§ Dataset section
_ _ _ _

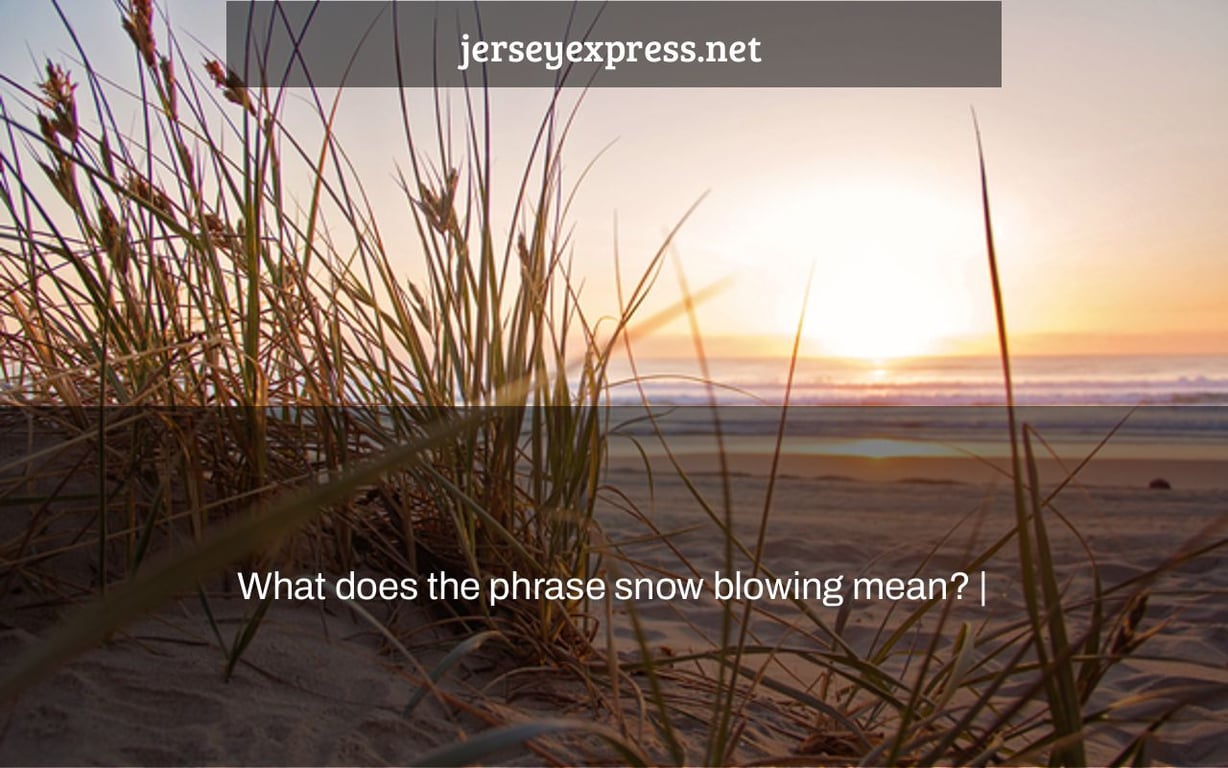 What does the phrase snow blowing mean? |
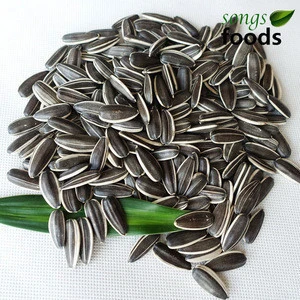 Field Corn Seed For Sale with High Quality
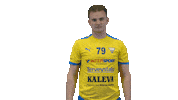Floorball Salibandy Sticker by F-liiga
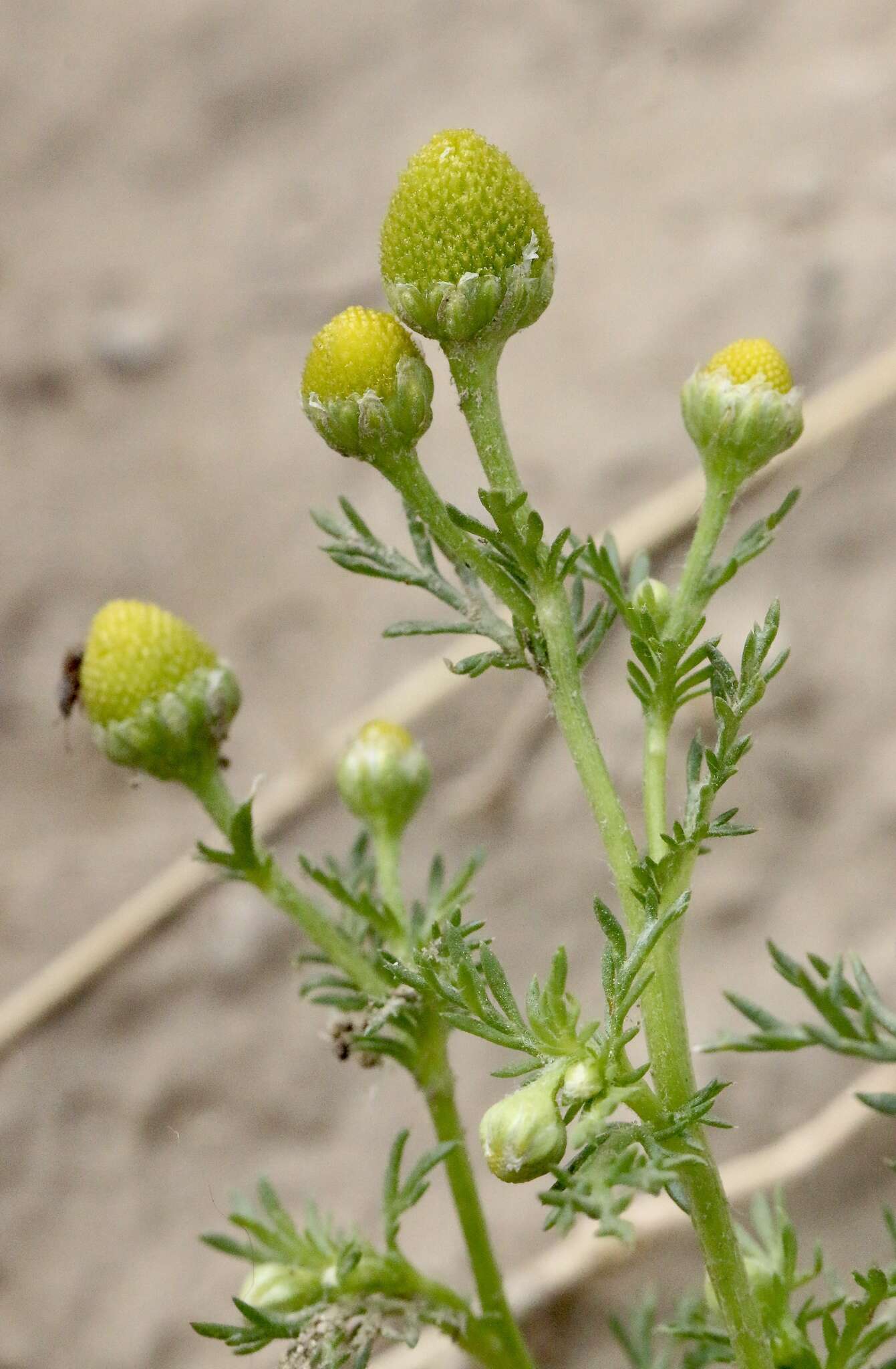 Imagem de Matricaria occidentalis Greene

_ _ _ _

Would you reproduce each line of the material exactly, omitting the images?

§ Output
 What does the phrase snow blowing mean? |
 Field Corn Seed For Sale with High Quality
Floorball Salibandy Sticker by F-liiga
 Imagem de Matricaria occidentalis Greene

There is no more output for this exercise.